It is simply the medium we use to exchange goods and services.

Without it, buying and selling would be impossible except by direct exchange.
Notes and coins are virtually worthless in their own right. They take on value as money because we all accept them when we buy and sell.
To keep trade and economic activity going, there has to be enough of this medium of exchange called money in existence to allow it all to take place.
When there is plenty, the economy booms.

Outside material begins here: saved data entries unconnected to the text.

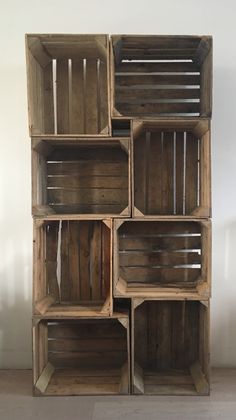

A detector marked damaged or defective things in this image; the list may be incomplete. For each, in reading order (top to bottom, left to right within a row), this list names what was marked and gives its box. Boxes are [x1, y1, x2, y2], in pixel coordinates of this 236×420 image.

splintered wood edge [35, 362, 54, 396]
splintered wood edge [189, 360, 209, 396] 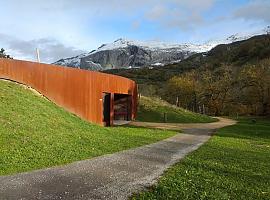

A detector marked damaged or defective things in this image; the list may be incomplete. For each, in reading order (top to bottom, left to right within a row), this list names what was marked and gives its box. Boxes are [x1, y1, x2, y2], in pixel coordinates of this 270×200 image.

curved rusted steel wall [0, 57, 138, 126] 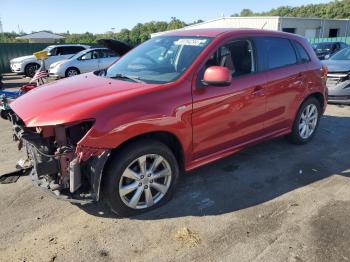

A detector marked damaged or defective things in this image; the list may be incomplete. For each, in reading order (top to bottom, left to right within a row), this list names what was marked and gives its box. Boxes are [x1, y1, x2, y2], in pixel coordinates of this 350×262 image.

damaged front end [1, 109, 109, 204] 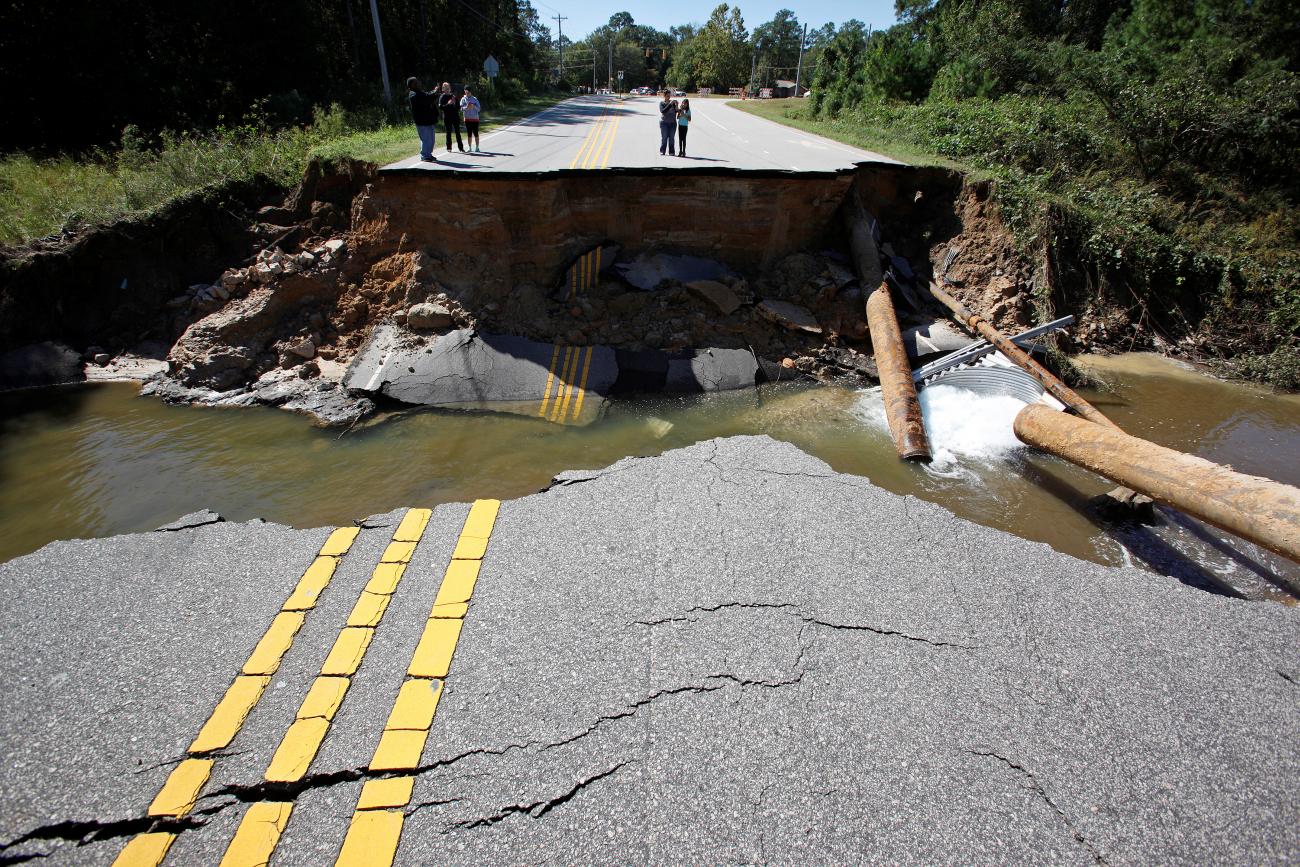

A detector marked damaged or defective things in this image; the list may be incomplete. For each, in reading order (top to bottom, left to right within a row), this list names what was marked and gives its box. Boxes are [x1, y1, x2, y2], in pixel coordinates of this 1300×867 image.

broken concrete chunk [408, 305, 454, 332]
broken concrete chunk [681, 282, 743, 315]
broken concrete chunk [759, 301, 816, 335]
rusty metal pipe [868, 283, 930, 460]
rusty metal pipe [935, 282, 1118, 431]
rusty metal pipe [1013, 405, 1300, 564]
cracked asphalt road [2, 436, 1300, 863]
broken asphalt slab [2, 441, 1300, 867]
crack in asphalt [634, 603, 977, 649]
crack in asphalt [967, 748, 1107, 863] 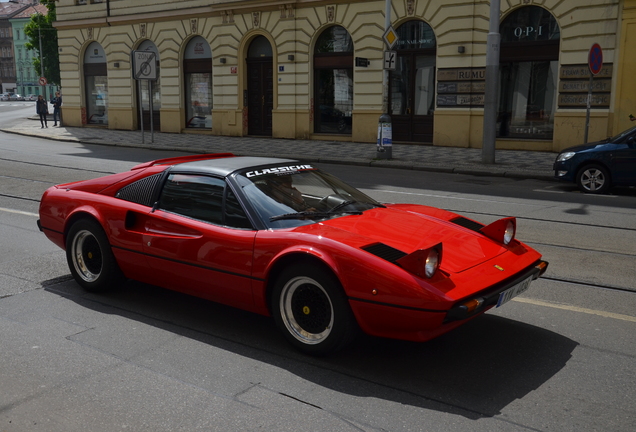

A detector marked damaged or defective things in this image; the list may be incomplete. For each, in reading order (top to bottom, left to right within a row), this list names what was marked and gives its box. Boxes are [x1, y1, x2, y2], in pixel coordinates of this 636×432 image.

street pavement cracks [0, 116, 556, 181] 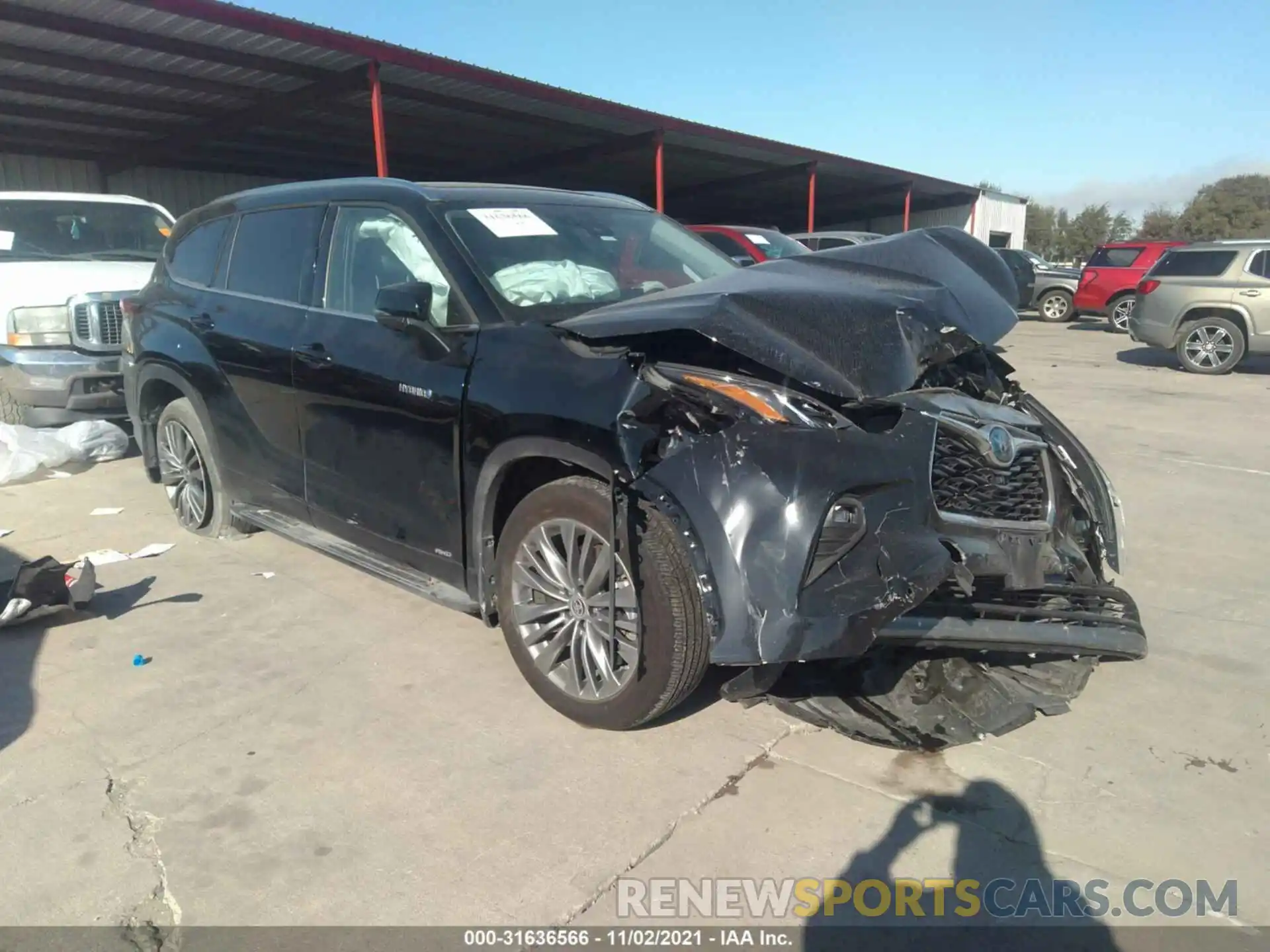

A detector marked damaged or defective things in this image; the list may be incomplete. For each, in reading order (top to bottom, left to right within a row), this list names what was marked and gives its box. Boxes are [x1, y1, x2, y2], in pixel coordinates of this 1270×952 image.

crushed front bumper [0, 348, 126, 424]
black damaged suv [124, 177, 1148, 746]
broken headlight [650, 360, 848, 428]
crumpled hood [561, 225, 1016, 398]
torn fender liner [561, 228, 1016, 403]
torn fender liner [751, 654, 1102, 751] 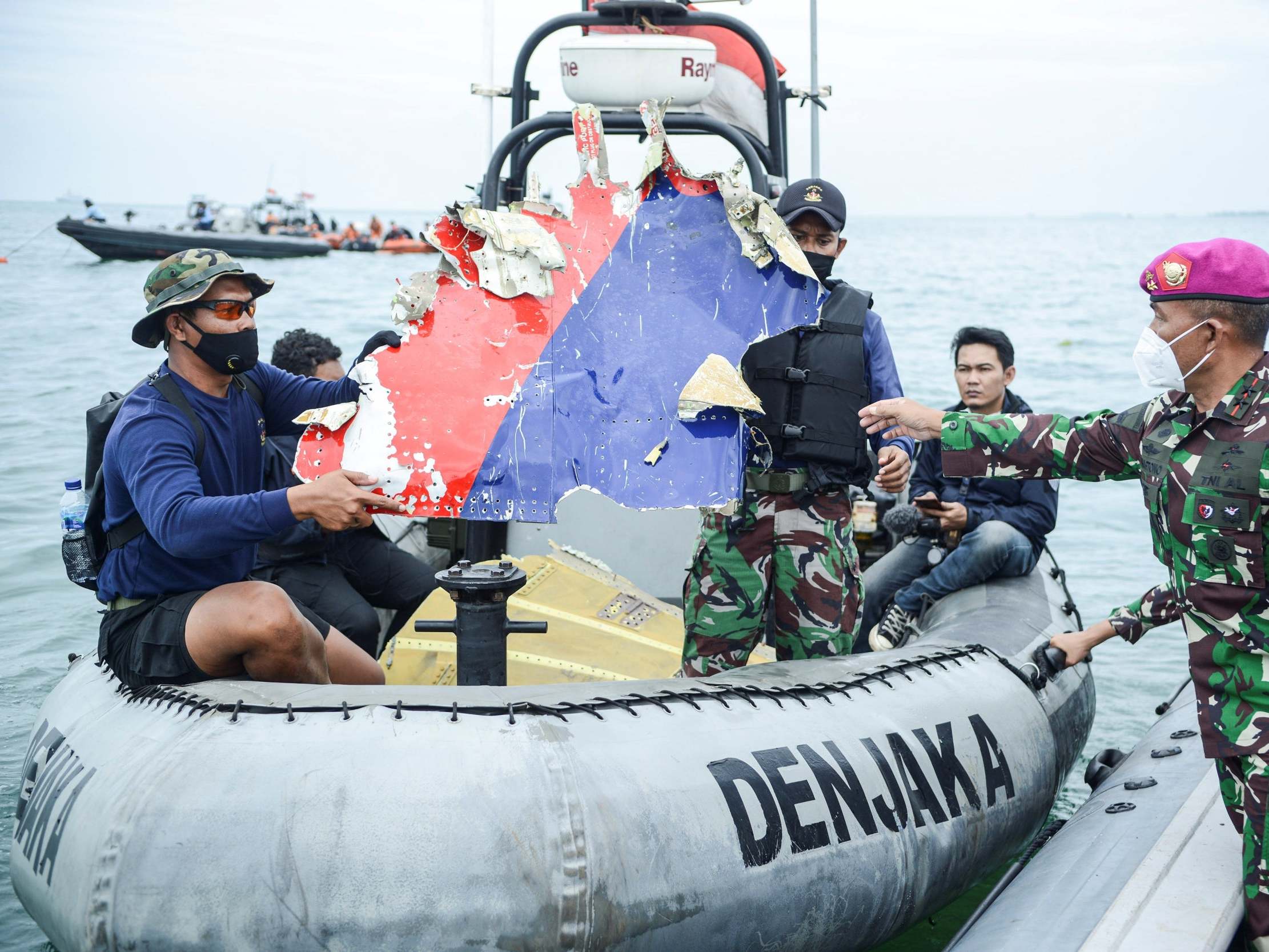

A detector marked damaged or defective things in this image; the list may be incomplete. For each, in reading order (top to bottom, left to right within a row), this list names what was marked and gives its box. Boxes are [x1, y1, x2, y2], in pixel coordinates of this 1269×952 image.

torn aircraft panel [292, 98, 818, 521]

When there is a shortage, there is a slump.
In the Great Depression, people wanted to work, they wanted goods and services, all the raw materials for industry were available etc. yet national economies collapsed because there was far too little money in existence.
The only difference between boom and bust, growth and recession is money supply.
Someone has to be responsible for making sure that there is enough money in existence to cover all the buying and selling that people want to engage in.
Each nation has a Central Bank to do this - in Britain, it is the Bank of England, in the United States, the Federal Reserve.
Central Banks act as banker for commercial banks and the government - just as individuals and businesses in Britain keep accounts at commercial banks, so commercial banks and government keep accounts at the Bank of England.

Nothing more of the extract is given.